For this exercise, retype the lines from the one that holds "Buy stock photo" through the one that holds "smiling woman bartender" in the records below, both included, exactly and without pictures.
[DATA SECTION — start]
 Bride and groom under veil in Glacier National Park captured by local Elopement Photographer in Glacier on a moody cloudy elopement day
[DATA SECTION — finish]
[DATA SECTION — start]
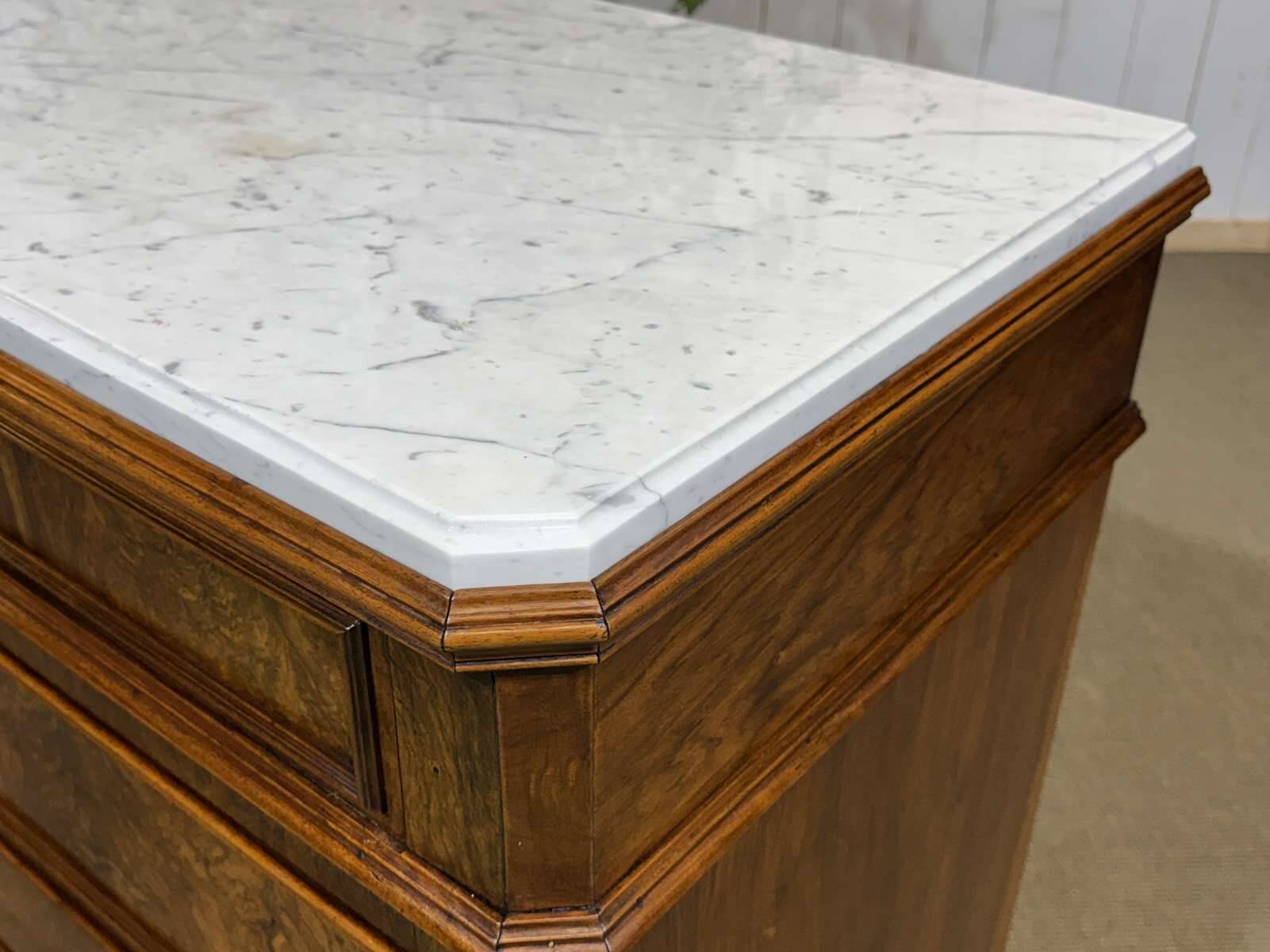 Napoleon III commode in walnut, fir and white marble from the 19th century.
[DATA SECTION — finish]
[DATA SECTION — start]
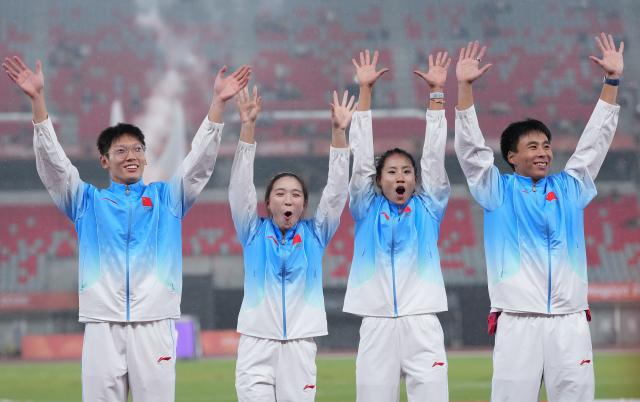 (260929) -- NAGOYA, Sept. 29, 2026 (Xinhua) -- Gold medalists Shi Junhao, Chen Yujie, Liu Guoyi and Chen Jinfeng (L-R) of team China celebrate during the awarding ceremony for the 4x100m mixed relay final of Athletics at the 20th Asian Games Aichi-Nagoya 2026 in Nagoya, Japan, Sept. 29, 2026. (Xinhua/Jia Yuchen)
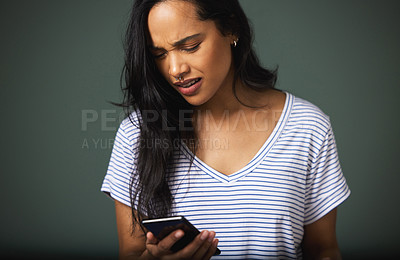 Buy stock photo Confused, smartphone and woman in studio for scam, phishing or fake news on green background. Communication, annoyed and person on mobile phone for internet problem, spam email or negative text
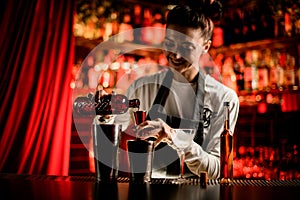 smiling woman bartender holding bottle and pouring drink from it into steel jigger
[DATA SECTION — finish]
WRITTEN REPLY:
 Buy stock photo Confused, smartphone and woman in studio for scam, phishing or fake news on green background. Communication, annoyed and person on mobile phone for internet problem, spam email or negative text
 smiling woman bartender holding bottle and pouring drink from it into steel jigger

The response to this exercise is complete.